Many Terminated Participants Keeping Retirement Plan Balances Invested

Alight Solutions also found improved savings behaviors in its 2019 Universe Benchmarks report. 

A recent Alight Solutions study examining defined contribution (DC) plans has found more participants are keeping retirement plan balances invested when leaving the plan due to either termination or retirement.

The “2019 Universe Benchmarks” report, conducted with 121 plans and covering more than three million eligible participants, was split in categories between participation rates, plan balances, account distributions, and more by age, gender, tenure and industry.

According to the findings, post-termination behavior during 2018 was similar as in past years. Thirty-two percent of participants who left their job during the first nine months of 2018 kept their balances in the plan as of year-end. Seventy-seven percent of dollars that left plans were moved to individual retirement accounts (IRAs).

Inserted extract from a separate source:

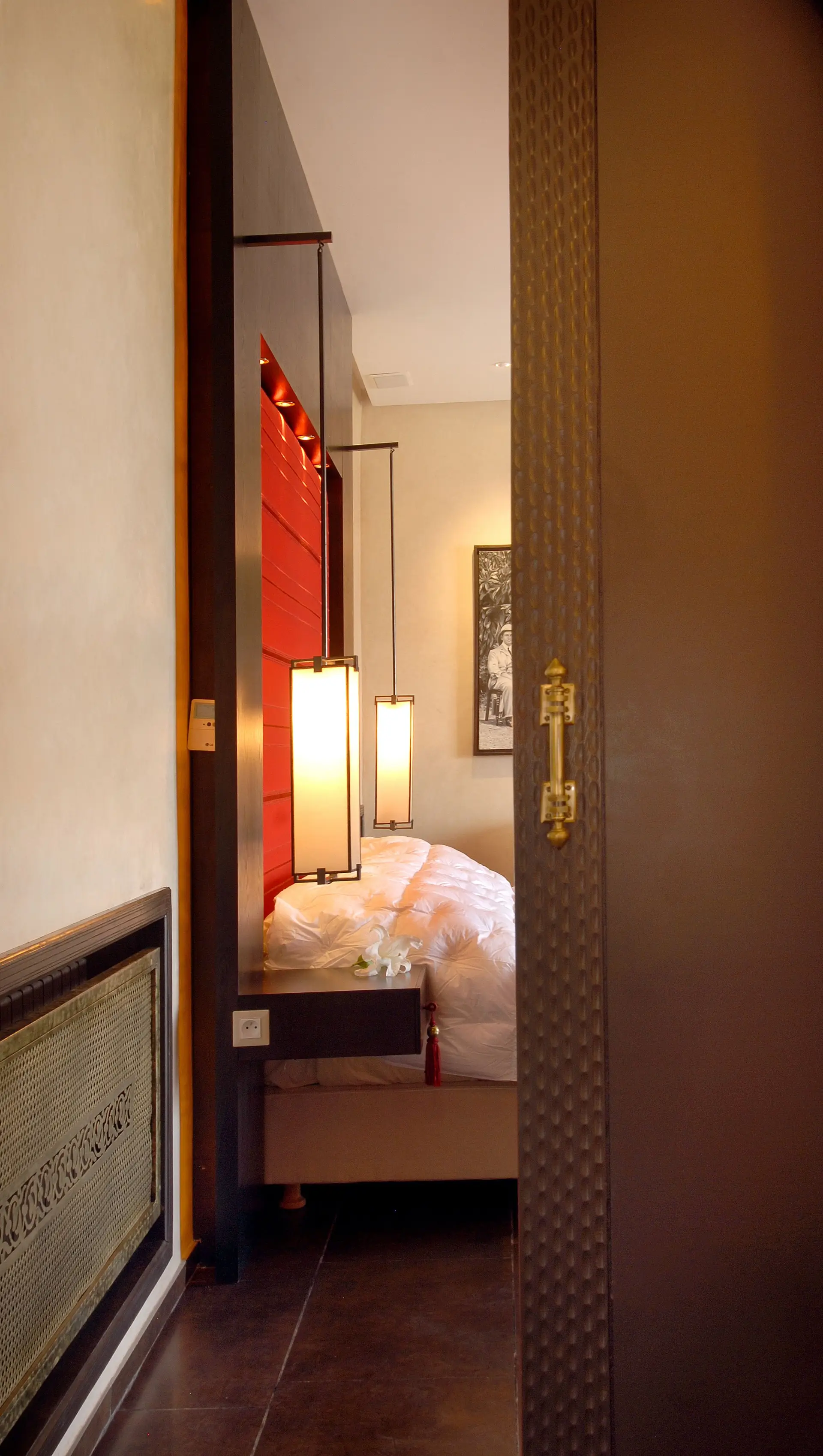 Eleganter Suiten Eingang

Older workers were more likely to roll plan balances into an IRA, and while younger workers generally preferred these accounts, they were more likely to roll plan balances to a different employer’s plan or submit a cash distribution, says Alight. In fact, the study reported 34% of participants ages 20 to 29 cashed out their savings, while 39% rolled their balances into an IRA and 27% rolled their balances into another plan. Older workers, however, much preferred an IRA rollover. Eighty-nine percent selected rolling over balances into an IRA, while only 8% cashed out and a mere 3% rolled over to a different plan.

Improved savings behaviors

Despite a decrease in overall plan balances, the study suggests participants’ savings behaviors have improved. The average participation rate remained at 80% for the third year in a row, and at 87% for plans offering automatic enrollment. This all hints, of course, that workers are contributing either the same amount of dollars or more to their accounts. On average, employees contributed 7.9%, or $6,257, to their savings in 2018—the same as the year before. However, Alight says this lack of change is attributable to new hires who more than likely contribute at smaller rates. Among workers who contributed in both 2017 and 2018, the average contribution rate rose from 8% to 8.4%.

Additionally, Alight reports 32% of workers grew their contribution rates from 2017, and nearly three-quarters (74%) of plans added auto-escalation to their auto-enrollment plans.

A majority of workers have also been taking advantage of the company match. The study finds 79% of workers are contributing at or above what is required to earn the full match, and half of workers are contributing more than the amount necessary.